Euro 2020: the similarities between football and UK equities

Darius McDermott 11/06/2021 in UK

After a 12-month delay, Euro 2020 will finally kick off this evening when Italy and Turkey meet in Rome. With Gareth Southgate’s men starting the tournament as favourites, England fans will be hoping for the best, while Wales supporters will be hoping they can repeat or even better their 2016 performance.

With three of the home nations represented and ten matches hosted on home soil, the United Kingdom has some exciting weeks ahead. And, while stadiums won’t be full, some fans are finally returning.

A game of two halves

As with so many other sports, 2020 saw football fans replaced by cardboard cut-outs and canned noise. And, according to Richard Colwell, manager of Threadneedle UK Equity Income fund, investing in the UK in 2020 felt a little like the football experience we endured during the past year – without the crowds it was indeed a lonely game.
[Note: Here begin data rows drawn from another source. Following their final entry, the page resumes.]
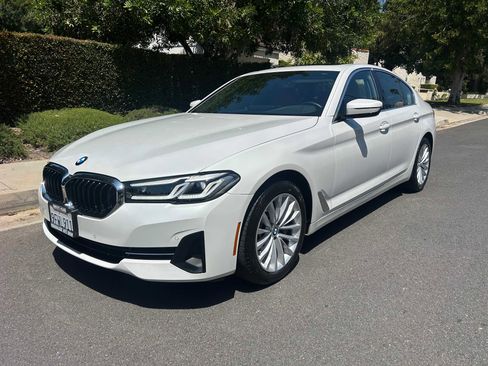 Used 2023 BMW 530i w/ Convenience Package RWD image 3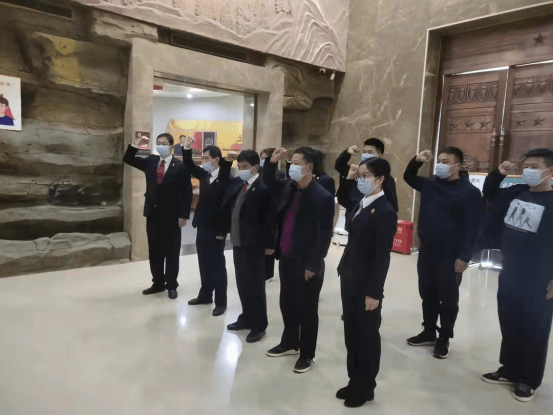 3.31 【走进人民法庭】共防共治学生欺凌，共建共享和谐校园1215.png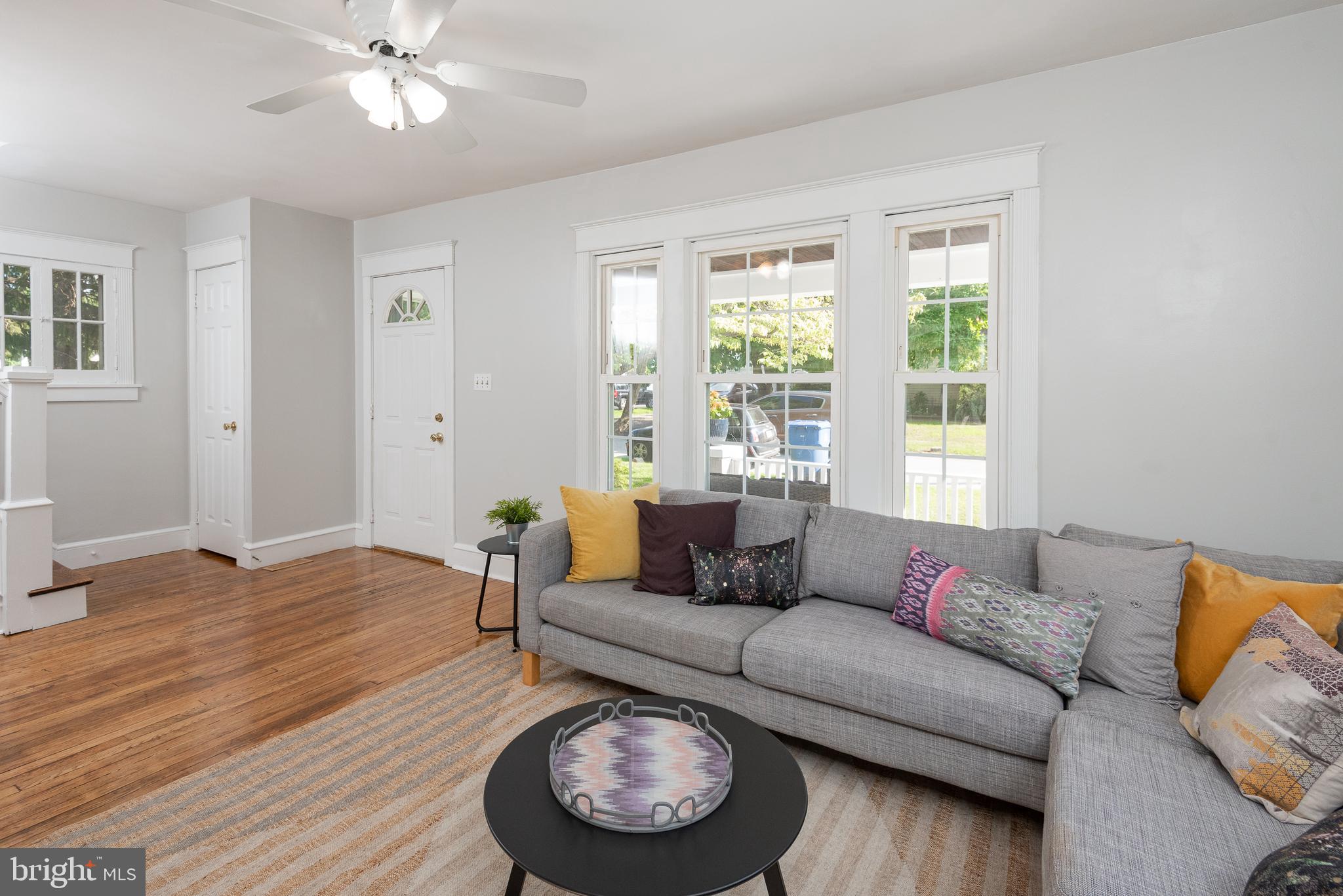 121 Willow Road Wallingford, PA 19086 - Photo 6 of 31 Living Room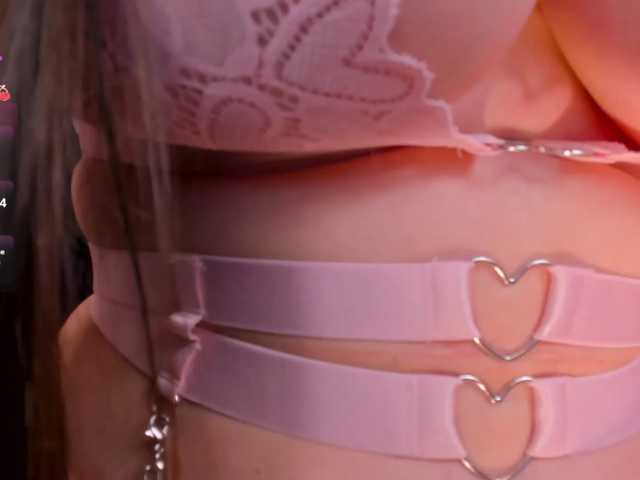 SarahRhodes live cam on BongaCams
“Animal spirits, dampened already by protracted Brexit negotiations and the resulting uncertainty, were crushed by the pandemic last March,” Richard said. “Investors scarpered, there was little hope factored into share prices, and no consideration that these businesses might survive – it was act now, ask questions later.

“And it has been a real game of two halves to reach our current point. The market is keen to pigeonhole investors: you are either value or you are growth. But we think things are more nuanced than that: quality growth performed well last spring, while value was hammered – but since November’s announcement on vaccines and the UK’s subsequent successful vaccination programme, value has roared back! Many months of outperformance by growth stocks were wiped out in a day, Covid winners became losers, and vice versa.

“A lot of stocks on both sides have ended up back where they were, albeit via different routes. Morrisons^, for example, did very well initially due to sheer volume of business as toilet roll was anointed the new gold. Now, however, on the back of extra costs to remain competitive while lockdowns kept the crowds away, it has returned to pretty much where it was pre-Covid.

“On the flipside we have the likes of Wetherspoons^: initially, as pubs closed, its share price plummeted; but now, following some extra fundraising and the prospect of pubs reopening indoors, its share price is almost exactly where it was a year ago*. Two businesses travelling different routes but, like salmon, returning to the same location.

Extra time …

And now, more than a year on from Covid, we are entering extra time, but what will the final result be?! The proliferation of quantitative investors, ETF basket trades and factor-based investing is throwing up some interesting themes and companies that do not fit the narrow growth/value definition. They are left in the middle.

“In our view, the UK remains cheap, a reflection of divestment out of the UK asset class and, latterly, the uncertainty around Brexit and Covid,” continued Richard. “But that uncertainty has now been removed, and the market offers global exposure alongside attractive foreign exchange and governance factors – a valuation arbitrage remains with global firms listed in the UK trading at material price-to-earnings discounts relative to foreign competitors.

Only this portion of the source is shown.